During last week’s sheriff candidate forum hosted by The Oconee Enterprise, neither James Hale nor Jimmy Williamson took sides on whether roundabouts should replace school traffic deputies. They did, however, share their personnel connection to the 2008 death of deputy David Gilstrap and acknowledge the danger of school traffic control.
Hale said he was there when Gilstrap was struck by a motorist in front of Oconee County Elementary School. Williamson noted that his wife was a witness to the tragedy. He pointed out that the entrance to Oconee Veterans Park is also a dangerous place for deputies that could be made safer with engineering. Hale noted that in 2017, Lt. George Roberts was struck by a car at that location.
“If we start looking at more of those (roundabouts), I would want one out there,” said Williamson.
Hale said the Sheriff’s Office has a long history of deputies directing traffic at schools.
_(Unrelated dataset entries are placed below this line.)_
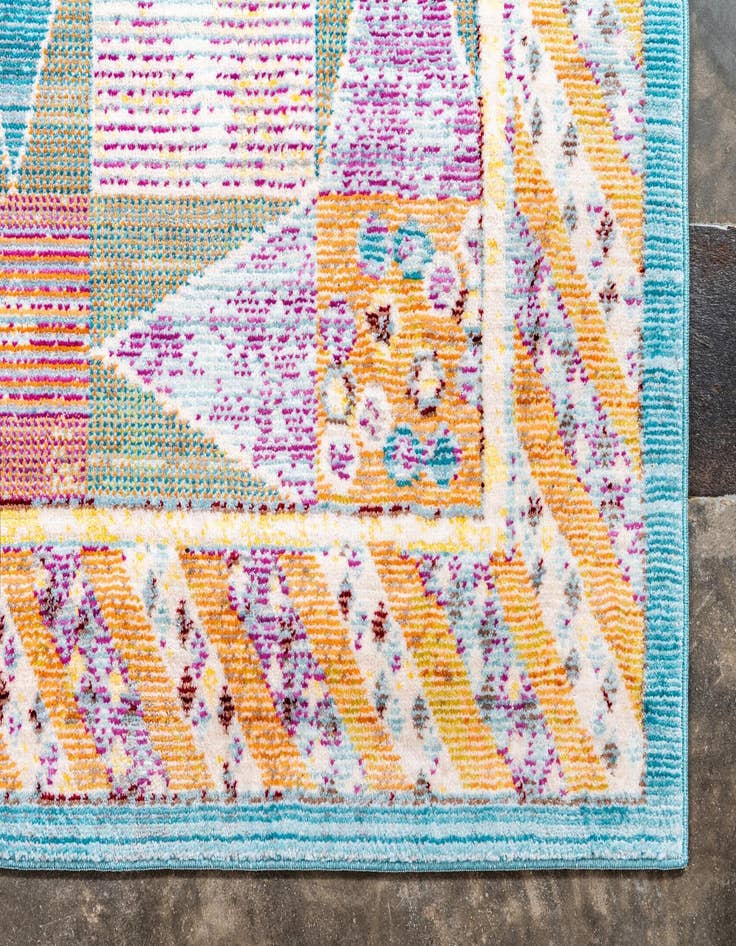 Detail image of 2' 7 x 9' 10 Aqua Runner Rug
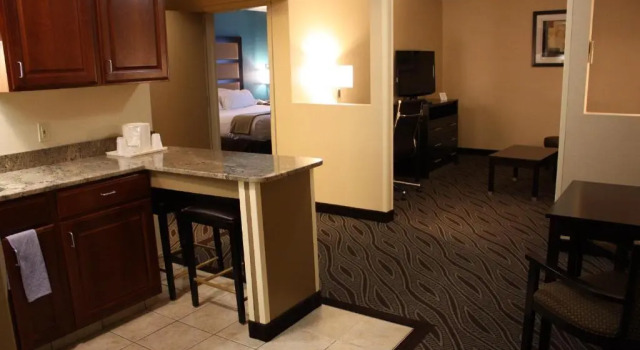 Люкс Holiday Inn Express - Ludlow - Chicopee Area by IHG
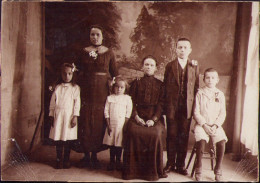 Woman With 5 Children Photo 1916 Banffyhunyad Erdely A2466N - Anonyme Personen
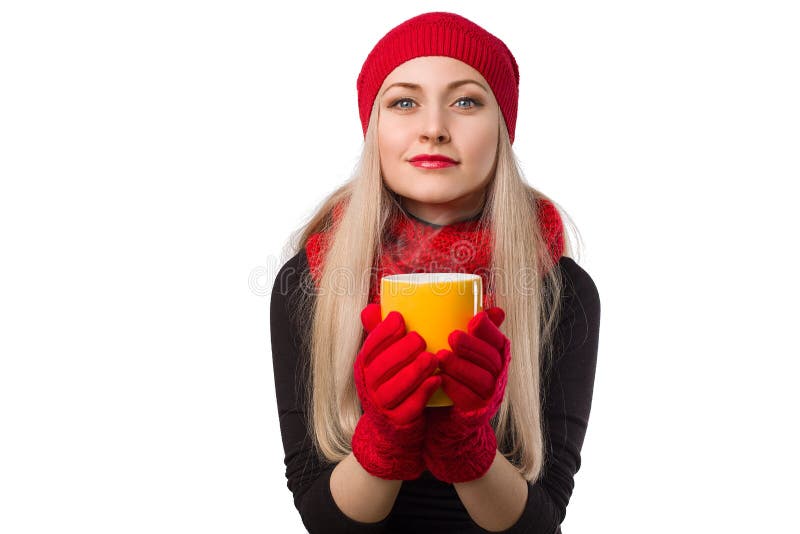 Menina bonita no chapéu vermelho com o copo da bebida quente em suas mãos foto de stock royalty free Menina bonita no chapéu vermelho com o copo da bebida quente em suas mãos foto de stock royalty free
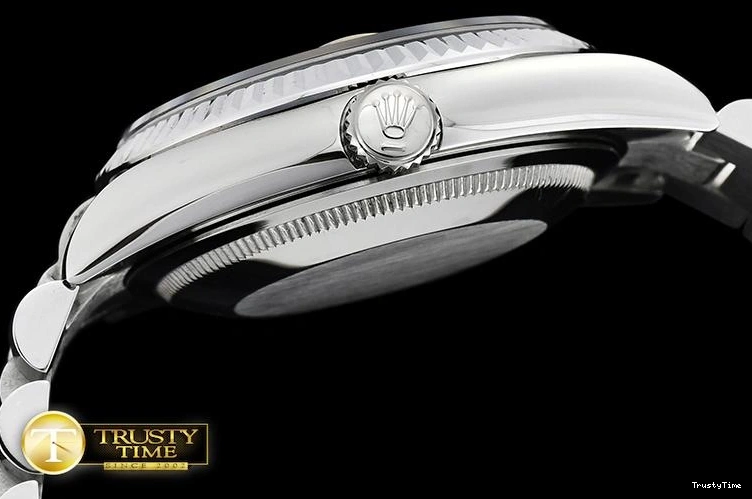 0715 RDD0215C – DayDate 36mm Affordable 686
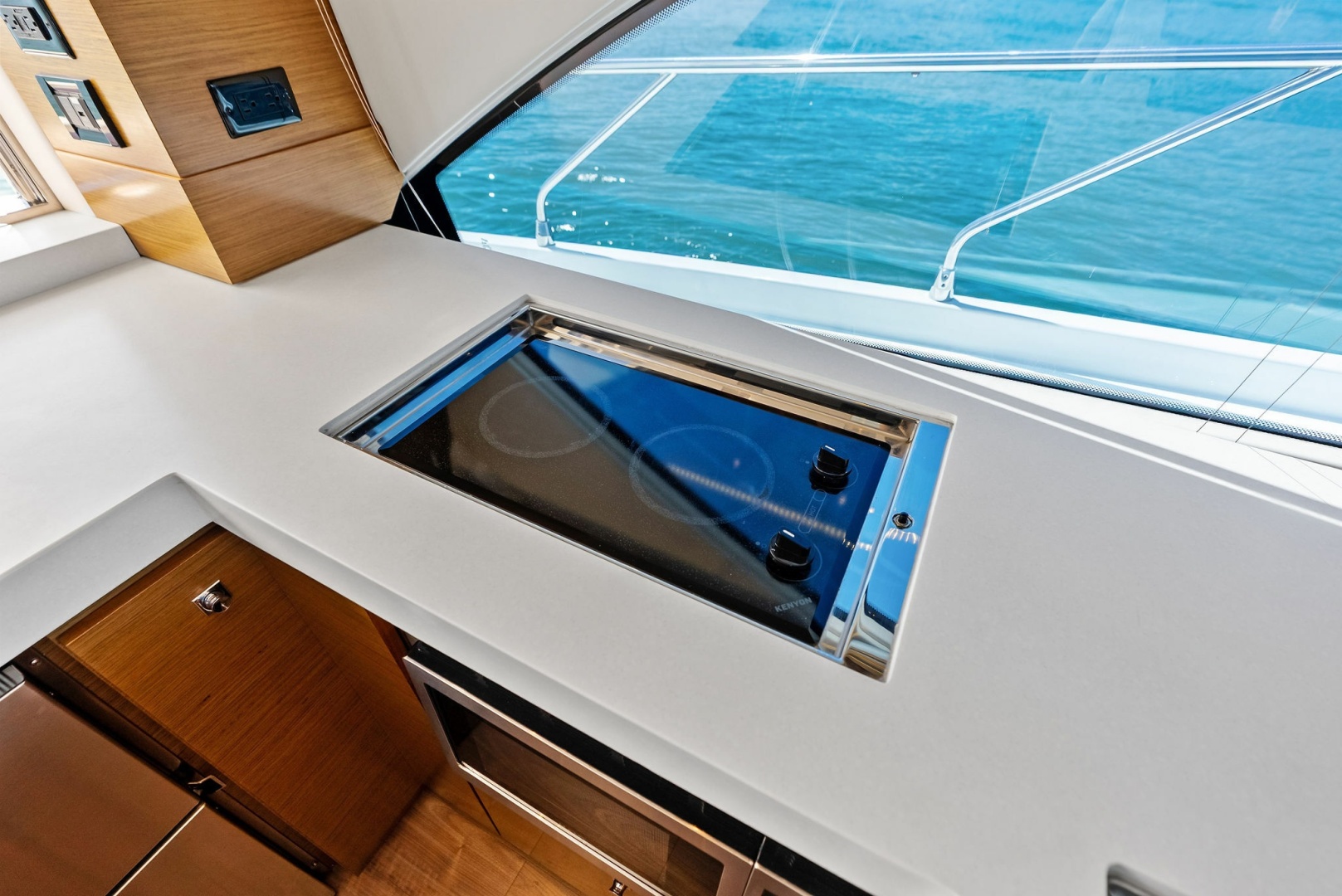 2019 Cruisers Yachts 54 Cantius - Image 35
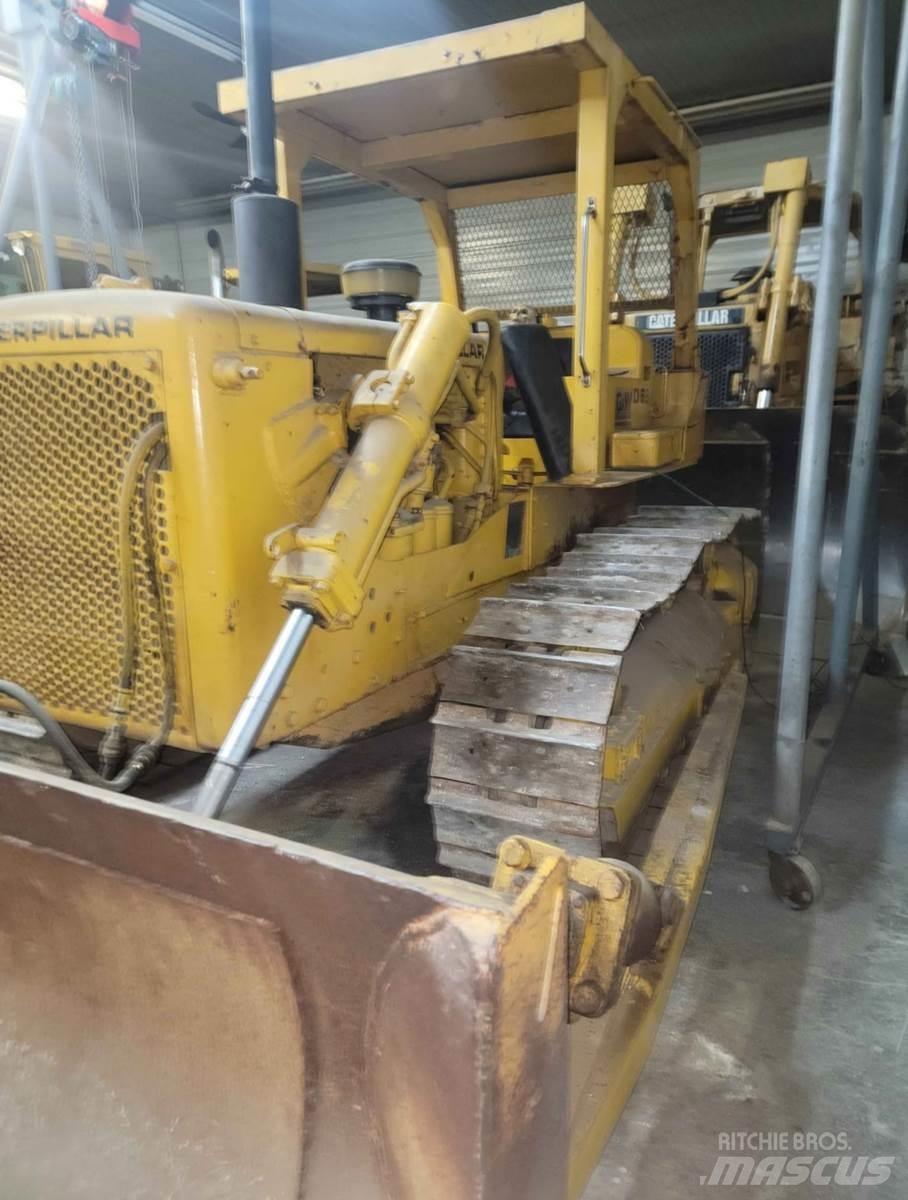 CAT D6B Paletli dozerler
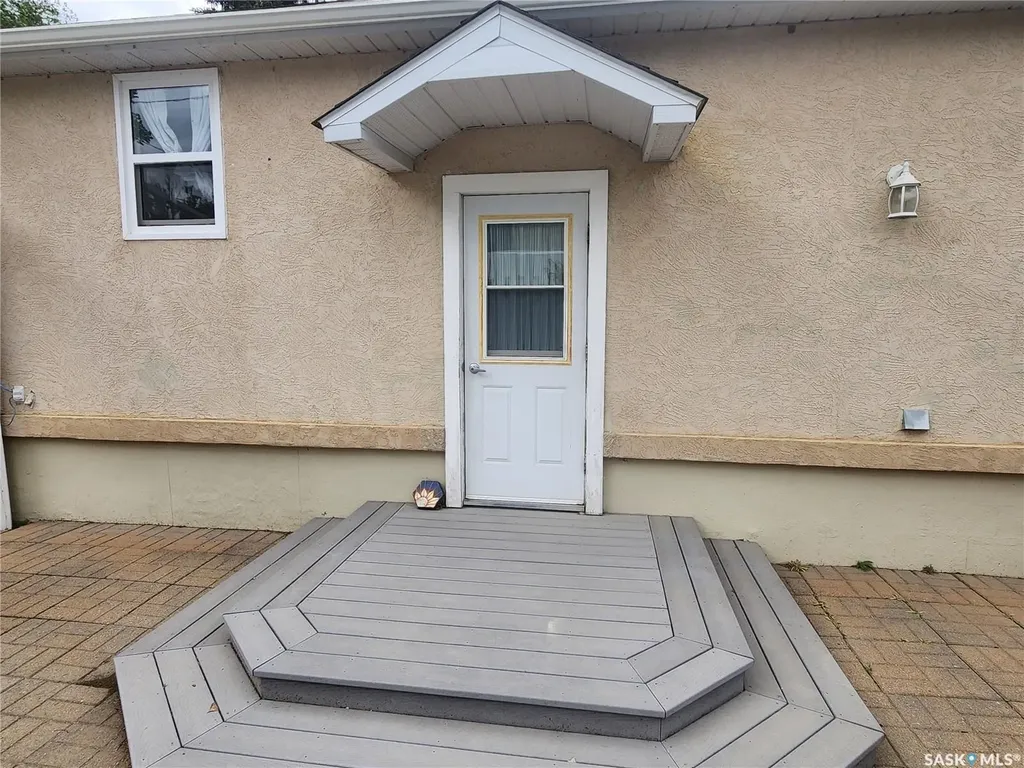 137 11th Avenue SE Swift Current SK S9H 3R6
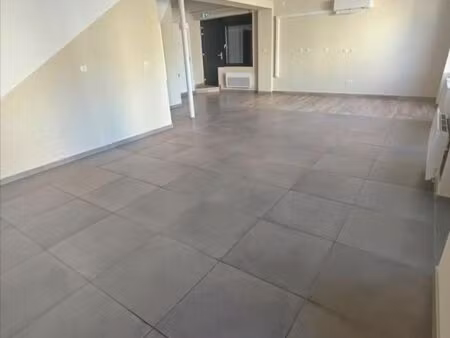 local sainte suzanne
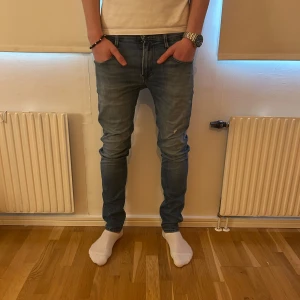 Replay Anbass - Ett par riktigt feta blåa replay anbass, w30 l32 midja 38 cm, längd 104 cm, passar perfekt för dig som söker ett par nya jeans till ett bra pris, skick 9/10 tveka inte på att höra av dig vid frågor!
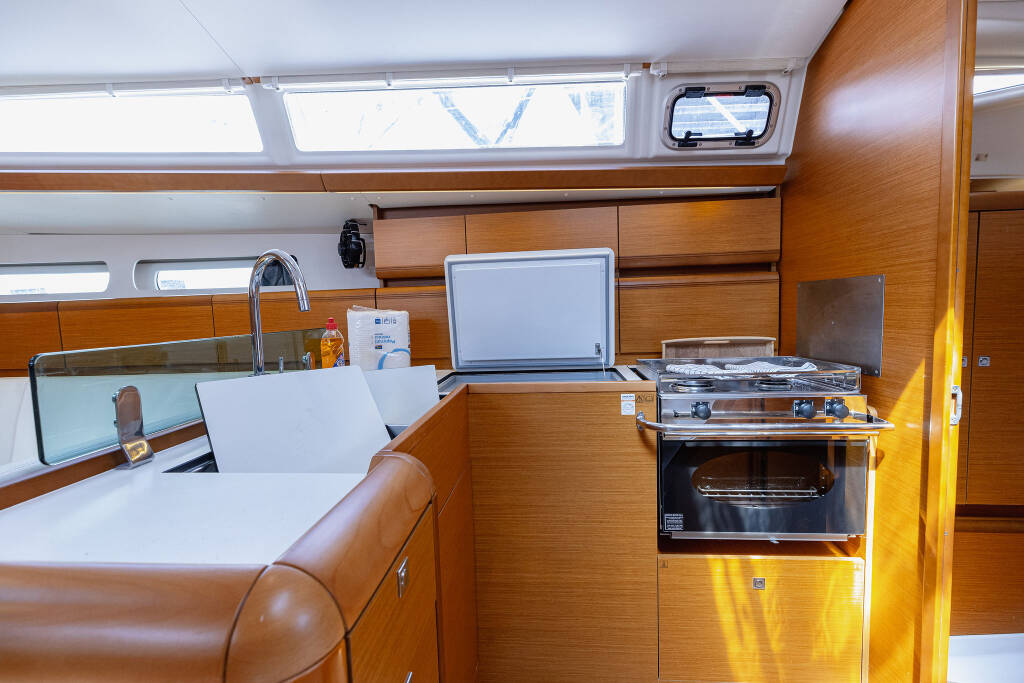 Sun Odyssey 449 Ventus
It’s an expense that the county government, not the school system, has funded since the early 1990s, according to The Enterprise’s research.
“The ultimate goal is for those kids and parents to get in and out of the school in a safe manor, and I believe that’s the job of the sheriff to make sure that that safety is maintained,” Hale said. “Any technology or infrastructure that can be designed to get a deputy out of the roadway is also wanted.”
Williamson said he would not abandon the schools’ needs, stating, “If they need traffic directed, we are going to do it.”
“I believe it’s the commission and school board that need to work this out,” he said. “Anything that they are willing to look at or try to make the deputy safe, I want.”
Hale reiterated that school traffic patrol is “a level of service they expect to happen,” before adding that if other avenues are available, “we should be open to those changes.”